YARMOUTH — The New England branch of the Army Corps of Engineers has determined the federal Army Corps is interested in making improvements to the Royal River, including the possible removal of two dams.

Findings from two studies completed by Army Corps New England – including an overview and the estimated cost with local share – were included during a virtual presentation to town officials Nov. 10.

The Royal River in Yarmouth Courtesy / Andy Smith-Petersen

One study looked at reestablishing natural fish passage through the Elm Street and Bridge Street dams, which have nonfunctioning fish ladders.

Resident Colin Durant wrote in support of the proposal to the Town Council Nov. 9 and said, “We know from experience in Maine that removal of ineffective and inefficient dams is enormously rewarding for the health of a river, for species restoration, and brings many additional benefits to the surrounding community.”

The Royal River Alliance, a pro-dam removal and river restoration group comprised of local Maine residents, also weighed in.

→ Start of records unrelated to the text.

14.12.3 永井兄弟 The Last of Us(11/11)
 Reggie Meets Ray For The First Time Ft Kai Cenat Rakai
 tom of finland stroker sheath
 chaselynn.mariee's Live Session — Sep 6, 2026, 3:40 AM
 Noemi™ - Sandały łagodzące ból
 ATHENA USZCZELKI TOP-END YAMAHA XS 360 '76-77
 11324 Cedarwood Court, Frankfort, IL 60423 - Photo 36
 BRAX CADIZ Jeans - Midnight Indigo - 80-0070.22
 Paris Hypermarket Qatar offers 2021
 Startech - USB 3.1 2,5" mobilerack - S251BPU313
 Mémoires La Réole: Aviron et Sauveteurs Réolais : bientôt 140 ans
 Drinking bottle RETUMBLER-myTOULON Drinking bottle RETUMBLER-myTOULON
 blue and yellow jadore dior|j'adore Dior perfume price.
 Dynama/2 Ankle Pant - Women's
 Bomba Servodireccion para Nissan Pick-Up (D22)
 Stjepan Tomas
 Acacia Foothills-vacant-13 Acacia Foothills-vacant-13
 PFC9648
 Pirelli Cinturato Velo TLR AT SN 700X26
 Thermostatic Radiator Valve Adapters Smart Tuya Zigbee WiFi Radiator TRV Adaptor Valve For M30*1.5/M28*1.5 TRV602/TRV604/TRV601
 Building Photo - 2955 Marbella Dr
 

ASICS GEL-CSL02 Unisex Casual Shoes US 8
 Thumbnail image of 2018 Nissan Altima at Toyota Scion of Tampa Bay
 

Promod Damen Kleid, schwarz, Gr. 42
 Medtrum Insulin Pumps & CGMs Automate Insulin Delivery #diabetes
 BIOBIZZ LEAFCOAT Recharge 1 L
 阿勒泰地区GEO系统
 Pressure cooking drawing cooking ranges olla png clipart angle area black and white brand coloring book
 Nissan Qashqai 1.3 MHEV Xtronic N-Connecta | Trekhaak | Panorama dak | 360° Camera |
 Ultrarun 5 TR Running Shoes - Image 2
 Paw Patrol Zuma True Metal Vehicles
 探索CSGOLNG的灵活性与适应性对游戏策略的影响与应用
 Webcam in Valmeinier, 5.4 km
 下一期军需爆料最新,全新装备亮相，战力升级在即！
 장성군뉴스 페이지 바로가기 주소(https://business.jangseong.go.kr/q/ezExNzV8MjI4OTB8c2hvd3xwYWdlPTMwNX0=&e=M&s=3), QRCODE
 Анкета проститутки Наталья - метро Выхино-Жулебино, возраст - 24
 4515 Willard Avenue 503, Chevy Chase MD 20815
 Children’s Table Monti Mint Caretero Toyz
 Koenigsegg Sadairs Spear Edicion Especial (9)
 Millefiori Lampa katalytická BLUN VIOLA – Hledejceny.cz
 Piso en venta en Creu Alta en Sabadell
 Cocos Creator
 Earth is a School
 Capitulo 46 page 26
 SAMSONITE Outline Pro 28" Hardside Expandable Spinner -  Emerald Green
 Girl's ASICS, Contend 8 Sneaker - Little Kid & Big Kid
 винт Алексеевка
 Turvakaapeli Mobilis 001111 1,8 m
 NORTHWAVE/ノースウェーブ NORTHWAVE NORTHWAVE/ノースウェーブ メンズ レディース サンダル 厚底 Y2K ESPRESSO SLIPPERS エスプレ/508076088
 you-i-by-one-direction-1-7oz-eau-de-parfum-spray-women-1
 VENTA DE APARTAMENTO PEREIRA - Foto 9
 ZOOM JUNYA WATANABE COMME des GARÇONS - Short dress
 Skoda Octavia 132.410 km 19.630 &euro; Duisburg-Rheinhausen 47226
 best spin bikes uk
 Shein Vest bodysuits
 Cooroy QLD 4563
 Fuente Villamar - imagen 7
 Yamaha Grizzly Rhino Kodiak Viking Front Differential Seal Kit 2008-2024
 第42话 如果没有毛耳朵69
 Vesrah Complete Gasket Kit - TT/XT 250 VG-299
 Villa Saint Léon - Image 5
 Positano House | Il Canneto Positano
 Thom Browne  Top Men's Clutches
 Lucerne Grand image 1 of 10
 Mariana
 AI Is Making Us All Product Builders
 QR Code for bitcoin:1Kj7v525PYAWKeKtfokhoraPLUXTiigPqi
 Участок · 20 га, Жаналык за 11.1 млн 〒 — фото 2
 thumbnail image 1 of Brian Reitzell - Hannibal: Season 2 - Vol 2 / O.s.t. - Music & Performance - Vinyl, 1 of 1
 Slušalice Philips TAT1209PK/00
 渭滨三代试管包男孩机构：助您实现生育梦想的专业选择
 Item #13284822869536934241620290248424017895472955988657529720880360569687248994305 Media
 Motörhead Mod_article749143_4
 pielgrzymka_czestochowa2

In a letter to the Town Council and Town Manager Nat Tupper from Christine Force and Carl Wilcox, co-chairpersons of the board of directors, both their excitement and concern about the prospective plans were addressed.

The RRA was pleased overall with the USACE finding merit in proceeding with an ecological restoration project on the Royal and offering to partner in the next steps on such a project,” Force and Wilcox said in the letter. “However, the RRA was disappointed by USACE’s high estimate of the costs involved in completing a further feasibility study and in actually undertaking a restoration project.”

The cost estimated by the Army Corpse for a further study, not including actual river restoration, is $660,000, of which the town would pay $330,000.

A second study examined restoration of the Royal River shore at the end of Harborview Drive, an old dredge material disposal site from the 1960s and 1970s. Tupper said the town has little interest in pursuing that project.

“We’re talking about a couple acres, a lot of expense, very little value and quite a bit of risk because they’re old materials from long before there were environmental controls,” he said.

The town of Yarmouth requested a feasibility study from the Army Corps of Engineers back in 2013, when the Town Council was initially interested in restoring natural flow and fish passage to the river. Now that the Corps has established federal interest, the council has to decide if the community should pursue one or both of these studies. There is no time limit on the decision.